Three-parent embryo is actually dysgenic, but my comment was deleted from Mercatornet


Below was the comment that was deleted:

"It is actually dysgenic to assist reproductively defective women to have babies. These women are merely guinea pigs to these doctors who want subjects on which to experiment.

The possibility of a cure is not a guarantee of a cure and experiments can go wrong.

However, it is apparently not the job of MPs to consider whether such a policy would be in the national interest or whether the possibility of genetically defective babies born this way become a further burden on the state and be seen as a misfortune for their parents enticed into going along with this experiment.

Their purpose, as they see it, is to practise gesture politics and show how much they care in order to acquire as many dysgenic female votes as they possibly can, by hook or by crook."

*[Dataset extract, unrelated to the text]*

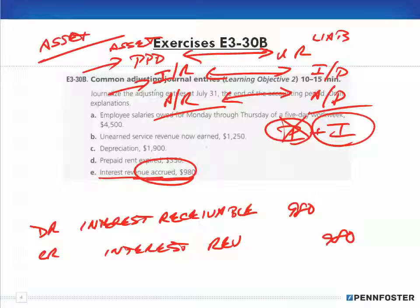With that said, I'm going to stop here and do exercise 3-31 in the next video.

Alana Saarinen is a thirteen year old girl who lives with her mum and dad in Michigan, USA. She loves playing golf and the piano, listening to music and hanging out with friends. In those respects, she's like many teenagers around the world. Except she's not, because every cell in Alana's body isn't like mine and yours; Alana is one of a handful of people in the world who have DNA from three people. The BBC's Science Correspondent Rebecca Morelle explores how more children like Alana could be born. This programme examines the safety and health implications of this new science. For some it is controversial. For those who have these specific genetic diseases, it is the way they could have their own healthy child. The UK is playing a pioneering role in developing the technique, called mitochondrial replacement, and Parliament has just voted to make the process legal. But despite that, there are a small number of children in the world, like Alana Saarinen, who have DNA from three people already. Although a small sample, they could answer some of the questions people have, such as will they be healthy, do they feel like they have three parents and would they like to trace the donor one day in the future?

What are MPs who vote for the amendment to the Human Fertilisation and Embryology Act 2008 hoping to achieve?